▶ [ABOUT THIS EXERCISE]
From the line below that contains "26785-02 (Crown )" to the line that contains "2021 Kia Soul S", repeat every line exactly, both ends included, and nothing else.

▶ [TASK MATERIAL]
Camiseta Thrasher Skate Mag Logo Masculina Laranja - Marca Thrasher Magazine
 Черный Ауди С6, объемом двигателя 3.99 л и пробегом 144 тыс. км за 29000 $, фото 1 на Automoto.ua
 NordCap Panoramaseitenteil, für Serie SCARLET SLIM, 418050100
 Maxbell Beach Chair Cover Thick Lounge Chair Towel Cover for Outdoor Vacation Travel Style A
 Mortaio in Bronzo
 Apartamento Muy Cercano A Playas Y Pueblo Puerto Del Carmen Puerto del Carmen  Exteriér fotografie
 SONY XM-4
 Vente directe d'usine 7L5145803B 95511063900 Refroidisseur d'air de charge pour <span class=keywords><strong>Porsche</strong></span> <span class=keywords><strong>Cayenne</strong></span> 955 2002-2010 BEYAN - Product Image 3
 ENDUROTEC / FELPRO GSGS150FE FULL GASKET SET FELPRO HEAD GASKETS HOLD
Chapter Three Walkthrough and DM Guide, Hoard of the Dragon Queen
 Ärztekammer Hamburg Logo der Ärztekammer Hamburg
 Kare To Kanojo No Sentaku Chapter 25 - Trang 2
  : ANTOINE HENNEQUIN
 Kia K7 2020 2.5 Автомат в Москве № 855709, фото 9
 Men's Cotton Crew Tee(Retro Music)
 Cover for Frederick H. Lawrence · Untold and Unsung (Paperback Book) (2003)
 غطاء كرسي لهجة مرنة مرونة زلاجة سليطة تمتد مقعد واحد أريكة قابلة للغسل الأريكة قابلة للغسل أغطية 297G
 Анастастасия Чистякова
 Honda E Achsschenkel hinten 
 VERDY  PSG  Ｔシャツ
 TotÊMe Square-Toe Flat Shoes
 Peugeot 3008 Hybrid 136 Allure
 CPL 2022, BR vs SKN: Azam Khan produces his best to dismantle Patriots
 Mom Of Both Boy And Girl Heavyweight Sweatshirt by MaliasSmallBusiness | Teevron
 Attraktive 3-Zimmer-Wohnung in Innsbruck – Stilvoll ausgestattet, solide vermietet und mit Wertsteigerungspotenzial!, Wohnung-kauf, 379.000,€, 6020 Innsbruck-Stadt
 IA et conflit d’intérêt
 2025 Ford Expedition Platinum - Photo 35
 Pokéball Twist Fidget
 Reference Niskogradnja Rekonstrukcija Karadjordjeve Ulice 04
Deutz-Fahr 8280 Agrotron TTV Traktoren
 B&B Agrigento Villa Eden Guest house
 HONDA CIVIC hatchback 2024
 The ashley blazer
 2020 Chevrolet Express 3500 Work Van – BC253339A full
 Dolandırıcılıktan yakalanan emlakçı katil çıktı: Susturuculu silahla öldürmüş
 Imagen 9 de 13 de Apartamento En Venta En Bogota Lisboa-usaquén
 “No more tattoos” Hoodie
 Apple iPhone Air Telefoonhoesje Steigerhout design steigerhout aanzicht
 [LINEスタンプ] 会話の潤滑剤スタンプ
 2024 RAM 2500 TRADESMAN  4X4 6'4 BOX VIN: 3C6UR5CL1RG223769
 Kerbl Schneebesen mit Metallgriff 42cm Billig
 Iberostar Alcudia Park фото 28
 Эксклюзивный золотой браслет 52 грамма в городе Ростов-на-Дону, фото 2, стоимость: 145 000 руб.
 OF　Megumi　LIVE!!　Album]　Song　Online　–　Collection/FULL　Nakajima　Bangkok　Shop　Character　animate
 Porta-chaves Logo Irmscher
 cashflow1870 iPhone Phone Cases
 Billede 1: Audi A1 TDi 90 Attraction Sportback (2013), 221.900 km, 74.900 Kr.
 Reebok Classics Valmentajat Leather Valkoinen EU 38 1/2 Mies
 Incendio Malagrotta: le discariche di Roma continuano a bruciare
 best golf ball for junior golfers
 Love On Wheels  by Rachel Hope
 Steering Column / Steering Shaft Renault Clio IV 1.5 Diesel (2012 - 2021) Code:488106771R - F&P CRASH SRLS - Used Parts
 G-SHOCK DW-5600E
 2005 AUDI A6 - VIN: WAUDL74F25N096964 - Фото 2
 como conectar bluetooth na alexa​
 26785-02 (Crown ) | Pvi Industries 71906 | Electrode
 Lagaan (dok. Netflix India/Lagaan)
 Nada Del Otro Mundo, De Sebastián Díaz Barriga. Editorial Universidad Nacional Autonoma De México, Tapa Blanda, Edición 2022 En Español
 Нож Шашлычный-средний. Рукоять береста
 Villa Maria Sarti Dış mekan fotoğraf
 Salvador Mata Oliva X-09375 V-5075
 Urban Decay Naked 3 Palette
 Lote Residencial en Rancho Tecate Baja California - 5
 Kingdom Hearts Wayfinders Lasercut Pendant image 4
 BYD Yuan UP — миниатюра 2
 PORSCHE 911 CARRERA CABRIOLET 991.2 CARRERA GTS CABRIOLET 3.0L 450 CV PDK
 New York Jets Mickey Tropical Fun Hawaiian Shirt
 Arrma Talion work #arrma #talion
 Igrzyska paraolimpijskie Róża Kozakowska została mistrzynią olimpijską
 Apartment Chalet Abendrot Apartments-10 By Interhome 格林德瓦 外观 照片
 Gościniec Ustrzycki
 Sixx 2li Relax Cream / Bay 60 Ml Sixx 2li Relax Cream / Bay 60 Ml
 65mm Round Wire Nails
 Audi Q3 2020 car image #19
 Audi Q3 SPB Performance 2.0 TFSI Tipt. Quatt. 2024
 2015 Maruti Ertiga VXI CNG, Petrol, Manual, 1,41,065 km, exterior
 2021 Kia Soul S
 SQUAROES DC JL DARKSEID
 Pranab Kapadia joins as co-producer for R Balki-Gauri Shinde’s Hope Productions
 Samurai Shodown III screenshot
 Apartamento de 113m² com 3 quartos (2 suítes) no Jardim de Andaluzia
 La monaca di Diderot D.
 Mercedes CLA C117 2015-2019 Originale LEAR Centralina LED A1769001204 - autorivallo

▶ [RESULT]
 26785-02 (Crown ) | Pvi Industries 71906 | Electrode
 Lagaan (dok. Netflix India/Lagaan)
 Nada Del Otro Mundo, De Sebastián Díaz Barriga. Editorial Universidad Nacional Autonoma De México, Tapa Blanda, Edición 2022 En Español
 Нож Шашлычный-средний. Рукоять береста
 Villa Maria Sarti Dış mekan fotoğraf
 Salvador Mata Oliva X-09375 V-5075
 Urban Decay Naked 3 Palette
 Lote Residencial en Rancho Tecate Baja California - 5
 Kingdom Hearts Wayfinders Lasercut Pendant image 4
 BYD Yuan UP — миниатюра 2
 PORSCHE 911 CARRERA CABRIOLET 991.2 CARRERA GTS CABRIOLET 3.0L 450 CV PDK
 New York Jets Mickey Tropical Fun Hawaiian Shirt
 Arrma Talion work #arrma #talion
 Igrzyska paraolimpijskie Róża Kozakowska została mistrzynią olimpijską
 Apartment Chalet Abendrot Apartments-10 By Interhome 格林德瓦 外观 照片
 Gościniec Ustrzycki
 Sixx 2li Relax Cream / Bay 60 Ml Sixx 2li Relax Cream / Bay 60 Ml
 65mm Round Wire Nails
 Audi Q3 2020 car image #19
 Audi Q3 SPB Performance 2.0 TFSI Tipt. Quatt. 2024
 2015 Maruti Ertiga VXI CNG, Petrol, Manual, 1,41,065 km, exterior
 2021 Kia Soul S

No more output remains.